We need to keep a keen eye on the fate of our contemporary women writers

Some years ago I came across the work of another anthologist who commented eloquently, as follows, on the widespread neglect of women’s writings: ‘One or two names have a high place on the roll of fame; others are rewarded with honourable if somewhat patronising mention and approval; and many whose productions are of a quality exceptionally noteworthy are totally forgotten, or – as in the case of living authors – strangely, and one is inclined to say, ungenerously neglected.’ The anthologist was Elizabeth Sharp and she wrote this comment in 1887 (yes, over 130 years ago) in her collection of poems by English, Scottish and Irish writers which she entitled Women’s Voices.

As a literary historian and feminist, I’m torn between seeing Sharp’s keen observations as deeply depressing and finding her dedicated labours inspiring. But her words do beg a central question: how do we make sure that the authors in The Long Gaze Back remain in circulation and not disappear yet again for a future anthologist to discover? The One City, One Book initiative is one exuberant answer; another is to make sure that texts by these authors enter and stay in print for future generations to encounter. The recent publication by New Island of Cocktail Bar, a collection of Norah Hoult’s short stories introduced by the indefatigable Gleeson, is hugely encouraging, as is its republication of Mary Lavin’s work; similarly, Tramp Press’s timely publication of Riddell’s Struggle for Fame and works by Dorothy Macardle, to name just some examples.

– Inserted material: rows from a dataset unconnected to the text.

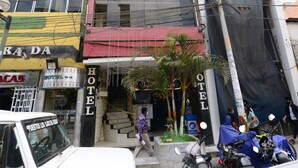 Un edificio de varios pisos con un letrero de hotel, una entrada visible y vehículos estacionados.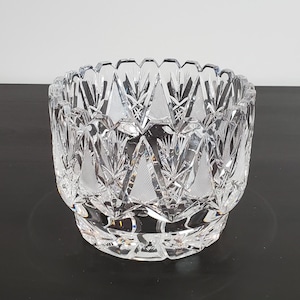 May include: A clear, cut-crystal bowl with a detailed geometric pattern. The bowl has a wide, rounded shape with a scalloped rim. The intricate design features repeating shapes and lines, creating a sparkling effect. The bowl is likely used for decorative purposes.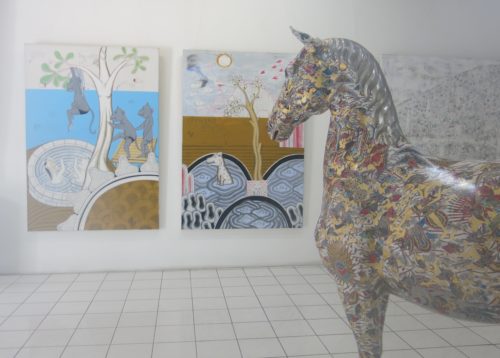 two paintings and horse sculpture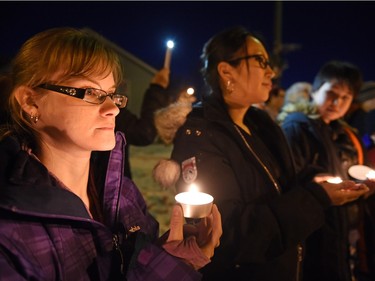 Krystal Lavallee (L), Gayleen Shepherd (C) and Marizah Wahpoosewyan (R) during a vigil being held to draw attention to violence in North Central and elsewhere in Regina.  Core area community members listened to elders speak and sing honour songs and took part in a sweet grass ceremony and made a public call to end violence.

As well as welcoming and supporting such publications of writers from the past, we – whether as readers or teachers or critics or publishers or bookclub members – also need to keep a keen eye on the fate of our contemporary women writers. Let’s ensure that their works stay in print, and let’s demand that they receive more than ‘patronising mention and approval’. Then the cycle of loss, retrieval and loss can be broken – finally?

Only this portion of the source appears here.